Re: Is there another solution?
Because I am getting allot unfair criticism with my choice of words, and that of what some people assume of me. I am a women. Telling you this is against my better judgement spoiling the reason for telling my story. The unfair judgements, assumptions, and criticisms I was getting needs to be talked about. I am uncomfortable doing saying what I am about to. I don't think it has or should have anything to do with the story I told. But I need to response because so many things are wrong and need to be corrected.
Maybe, I tried to hard to conceal my gender of being a woman. Sounding more androgynous was what I wanted. Indicating no particular sex was a way I thought I could avoid sexism. I was wrong. I wanted to avoid being accused of sounding like "another emotionally over reacting female being emotional, because I felt unjustly victimize." Instead, I was accused by other women of being an insensitive sexist neanderthal male. My sexist fears came to be true. I did get unfairly judged with harsh insensitive sexist criticism, by those I thought wouldn't do it, but did. All based on metaphors, analogies, and colloquialisms to describe my situation and myself, I saw best.

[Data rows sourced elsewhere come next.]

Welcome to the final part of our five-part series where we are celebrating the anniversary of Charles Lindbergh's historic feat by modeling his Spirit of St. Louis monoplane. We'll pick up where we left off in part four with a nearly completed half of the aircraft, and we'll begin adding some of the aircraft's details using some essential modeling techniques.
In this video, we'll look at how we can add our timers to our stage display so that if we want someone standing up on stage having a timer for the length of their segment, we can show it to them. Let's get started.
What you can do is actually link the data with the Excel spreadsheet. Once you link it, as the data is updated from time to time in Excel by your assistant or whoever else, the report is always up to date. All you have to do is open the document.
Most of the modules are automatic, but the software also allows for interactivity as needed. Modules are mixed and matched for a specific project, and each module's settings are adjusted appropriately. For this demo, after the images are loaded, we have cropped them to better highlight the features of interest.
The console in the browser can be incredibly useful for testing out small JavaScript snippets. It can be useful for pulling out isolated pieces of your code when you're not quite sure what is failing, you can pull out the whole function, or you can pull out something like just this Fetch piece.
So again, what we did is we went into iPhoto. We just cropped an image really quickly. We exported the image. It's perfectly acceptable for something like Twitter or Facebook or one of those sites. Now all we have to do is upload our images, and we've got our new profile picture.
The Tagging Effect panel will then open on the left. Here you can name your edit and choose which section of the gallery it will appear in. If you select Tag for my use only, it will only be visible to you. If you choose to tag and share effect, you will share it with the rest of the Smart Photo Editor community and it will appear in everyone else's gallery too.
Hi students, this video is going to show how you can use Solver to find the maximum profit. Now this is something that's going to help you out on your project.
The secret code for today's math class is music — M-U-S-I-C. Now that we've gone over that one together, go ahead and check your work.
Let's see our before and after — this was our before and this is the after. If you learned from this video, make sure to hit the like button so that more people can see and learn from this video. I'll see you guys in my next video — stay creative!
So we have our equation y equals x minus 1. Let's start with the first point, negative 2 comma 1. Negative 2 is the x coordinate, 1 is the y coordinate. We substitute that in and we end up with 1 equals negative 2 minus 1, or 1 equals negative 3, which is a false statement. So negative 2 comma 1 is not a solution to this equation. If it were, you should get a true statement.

My gender or that of the others involved in my situation should not matter. I don't have to be someone's "bitch;" I don't have to be dominated, feeling helpless, and lacking self-confidence. I don't like to refer to myself as a "victim," because of all the connotations our society has and places on female, when she is victimized. It is my choice to refer to myself "as not being someone's "bitch." A word I used in my situation to replace the phrase of being victimized. It doesn't matter if am male or female. The right of how I refer to myself in the way I wish is mine. It is not someone else's place to tell me how I should refer to myself or how I should feel regardless of their gender. I don't see how it is offensive when I was referring to no one else in anyway, but me.
I was hoping to avoid being seen in most common stereotypical view shared by both men and women of how we see women who are and portrayed as victims. I don't want to think of myself as a victim and all that it entails. To my best ability, I avoided that word using other words instead that didn't have the same negative connotations as a female victim does.
My actions now being seen under different circumstances will be re-evaluated in another light and criticized again. Mostly to relieve those who have some sense of violation after reading this. I realized the risk and vulnerability of making my story public. I never imagined it to be such a nightmare. Never in my wildest dreams would I have ever dreamed I would be writing this when I was telling my story.